Jenga Anyone?

Jenga might very well be a counselor's best friend.  It's like truth syrum, for sure, because as soon as we start playing, kids tend to tell me what's on their hearts and minds.  But what else can you do with this game? In small group counseling, we use it as a metaphor for life. As the students build the tower, they tell each other all of the good stuff in their lives, the stuff they’re thankful for, the stuff that builds them up.  Then, as they pull a block from the tower, they talk about things that have happened that kind of weaken their tower, like the time their cat ran away, what happened when they made a bad grade, the day they got into a fight with a friend.  As the blocks come out, they're put onto the top of the tower.

As the Jenga tower grows taller, it’s also getting weaker. The goal is for the students to handle with care as they try to build it up as high as they can before its eventual demise.  It does eventually collapse, so I warn students about that ahead of time, especially those who have trouble managing their feelings when there's a perceived loss involved.  When their tower falls, students pause to reflect about a time that they may have felt like their life was falling apart.  Typically that’s a death or divorce, but it can be anything they want to share  We then build the tower back up as we talk about what it takes to put the pieces back together.  This is the time to share strategies:  deep breathing, exercise, music, talking it out, drawing, reading. 

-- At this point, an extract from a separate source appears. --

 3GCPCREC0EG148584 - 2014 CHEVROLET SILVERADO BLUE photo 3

If you buy the fancy version, known at Totika, you get some color coordinated discussion cards, so that's a fun twist on the original game.  The game really has endless possibilities.  Click here to see how Rachel Lynette from Minds in Bloom uses it as a Getting To Know You activity. If you're on Facebook, click here to see what Pam Dyson at the St. Louis Center for Play Therapy suggests. How do you use Jenga in your counseling or in the classroom?


  1. Hello, BlogFriend:

    I can't remember if I told you before, but on Fridays, we have "social studies" if we earn enough points for kinds words and deeds, compliments, good choices etc. It's actually just board game time where we practice being... social! (But they love when I write "social studies" on the board, and we always say "Wink," because we know what it REALLY means!)

    Two rules: 1) You need to be involved in an activity with two or more people and 2) "You can't say: You can't play." No exclusion allowed.

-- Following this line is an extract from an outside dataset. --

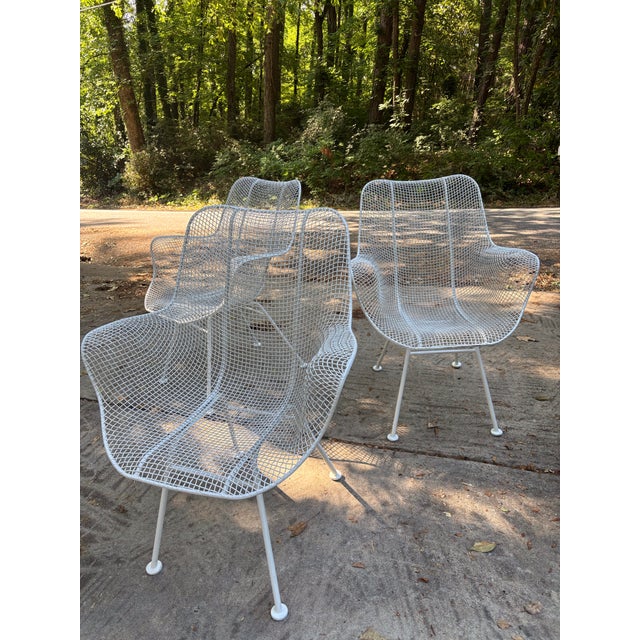 Woodard Sculptura Arm Chairs - Set of 3 For Sale In Atlanta - Image 6 of 7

    It's fun to watch the groups change as the year progresses.

    Jenga is often a choice because it doesn't require math or reading skills like some of the other games. It's a good equalizer.

    Nothing like waking up to a great post from my friend on the Corner. And, Hey! No tissues today!

    Happy day!

    Finding JOY in 6th Grade

  2. Great post!! I love your ideas!

    We also use jenga blocks to explore the 40 Developmental Assets. We put a number on the top of each block. When a child/adult pulls a block, he looks at the corresponding number on the asset list to find the word and definition (free from search-institute.org), and shares something about that asset, for example, creative activities or cultural competence. It might be a story related to the asset, a way that he is experiencing that asset, or a way that people could help to build that asset in children/youth.

  3. Oh, Kim, I LOVE that "social" wink . . . very clever! And Ann, I may try your idea with my staff in an upcoming inservice!!! What a fun way to play with the Assets!

  4. I love Jenga. Saw it at a character ed conference where they used it as a friendship lesson. As they build the tower, the child had to tell a quality of a good friend, or a fun thing they did with a friend. When they started taking out the blocks, they talked about naming a thing a friend did that upset you or made you not want to be their friend; they tied the concept of friends are support and when you lose friendship circles, you become weaker as a person because you don't have people to lean on, to talk to etc.